After doing this for years, I no longer worry about preparedness. In the extremely unlikely event that I mess something up, I just laugh, everyone else laughs and I start over. I am also confident in my ability to sing pretty well, barring illness, even if I don't get to warm up as much as I would like to. Even on terrible weather days, like we have today, my voice works, and my brain works, and audition disasters are practically a thing of the past (knock wood).
You would think that would make auditioning a piece of cake. But no. My standards are higher. I want to deliver moving, emotive performances that make people stand up and take notice, even if I look like a drowned rat, it's 10:15 a.m. and the auditor spends the whole time huddling over her coffee cup, barely looking up.

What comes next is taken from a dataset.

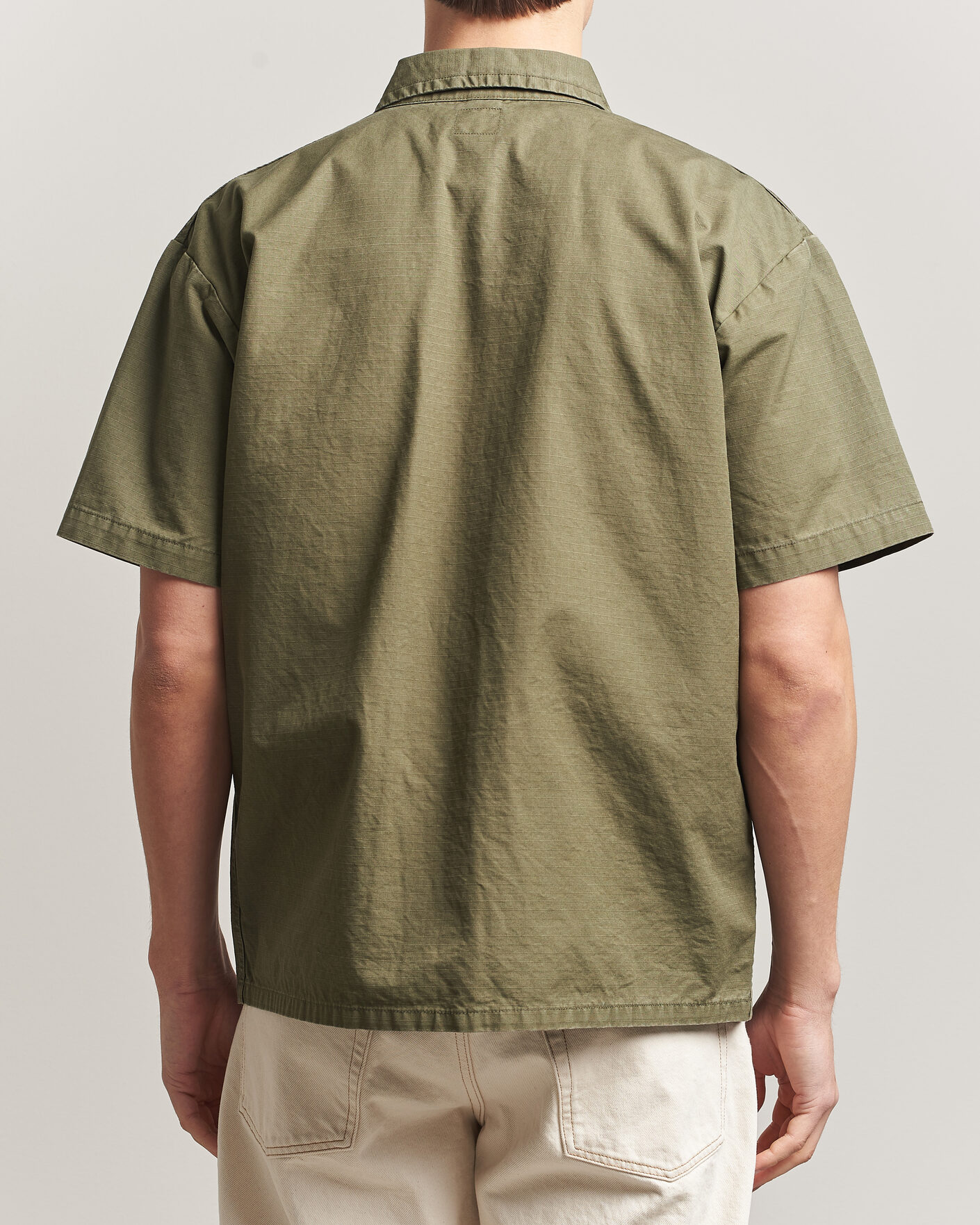 Homme | Chemises | orSlow | Short Sleeve Utility Shirt Army Green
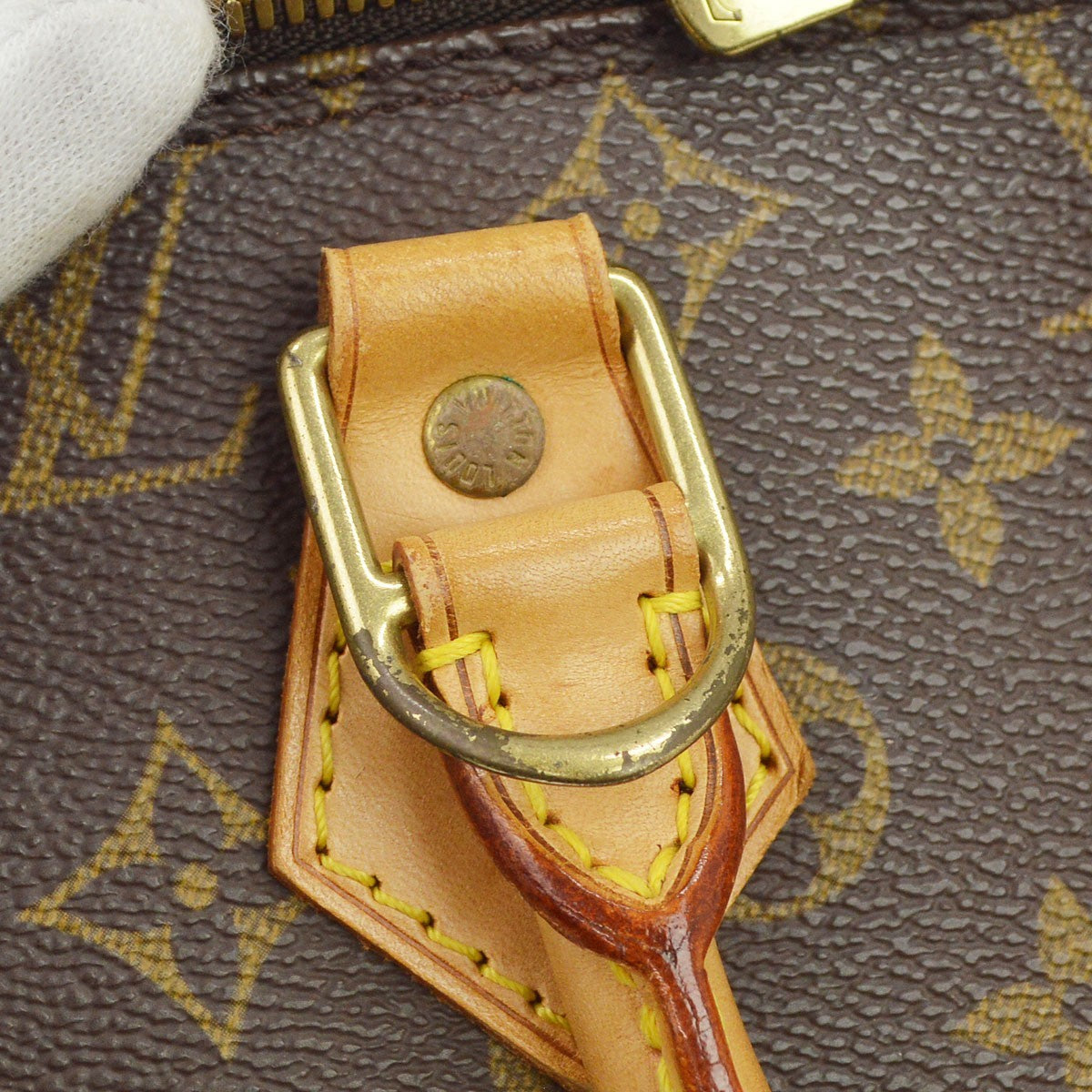 Louis Vuitton Alma Monogram Canvas Brown Canvas Handbag (Pre-Owned)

I am experimenting with different ways of "bringing it" in auditions, and today my experiment had me directing all of my attention at the imagined space and imagined people that would be in the scene if I were actually in the opera, instead of in a run down dance studio performing for the person sitting behind a table at the opposite end of the room. In other recent auditions, my attention has been directed more inward towards the emotions that singing the character's words make me feel, but I've found that deeply unsatisfying after the fact.
I, personally, find it very challenging to chew imagined scenery, but 90 minutes after my audition this morning, I feel much more satisfied with my performance, so I guess I'll try to do it again next time.
N.B. If you know any professional opera singers besides me, give them some extra love and kindness during this time of year. Audition season exacts a very high toll on all of us emotionally and financially.